Work request -
Please repeat the whole listing exactly, but leave the pictures out.

Dataset extract -
------------------------

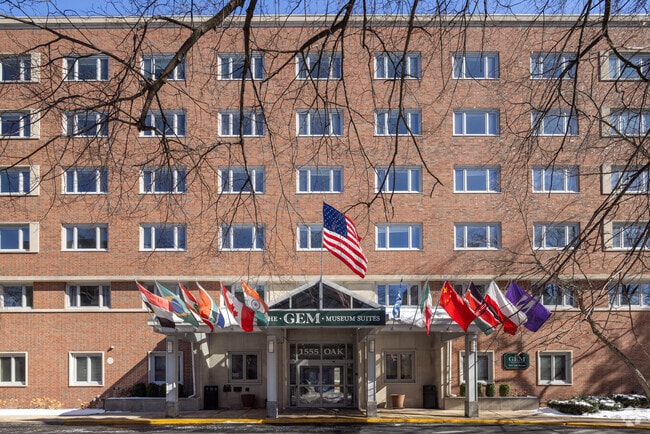 Entrance - 1555 Oak Ave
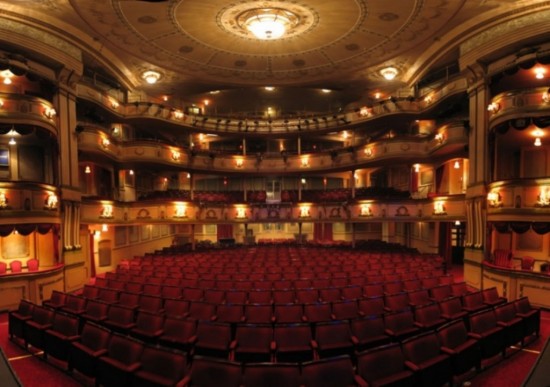 Театр Королевы в Лондоне  (2)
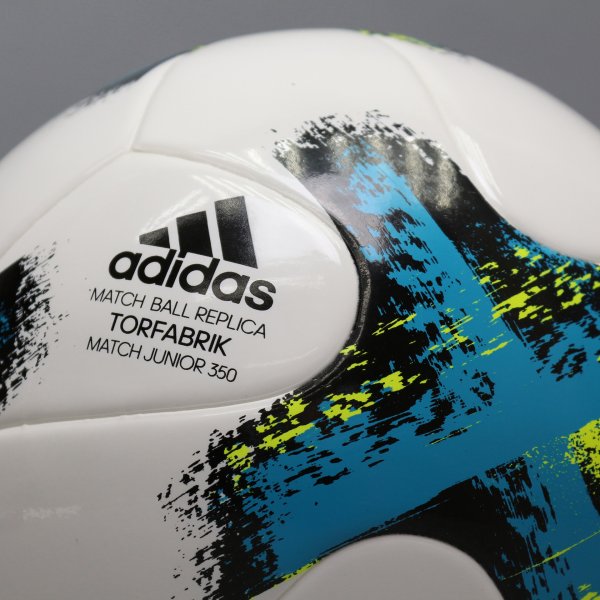 Дитячий футбольний м'яч Adidas Junior 350g TORFABRIK Розмір-5 | BS3511 BS3511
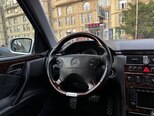 Mercedes E 270-12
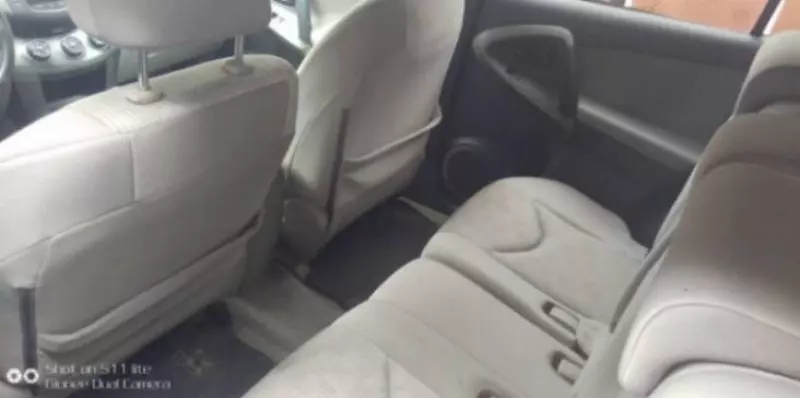 Toyota Rav4   - 2010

------------------------

Answer section -
 Entrance - 1555 Oak Ave
 Театр Королевы в Лондоне  (2)
 Дитячий футбольний м'яч Adidas Junior 350g TORFABRIK Розмір-5 | BS3511 BS3511
 Mercedes E 270-12
 Toyota Rav4   - 2010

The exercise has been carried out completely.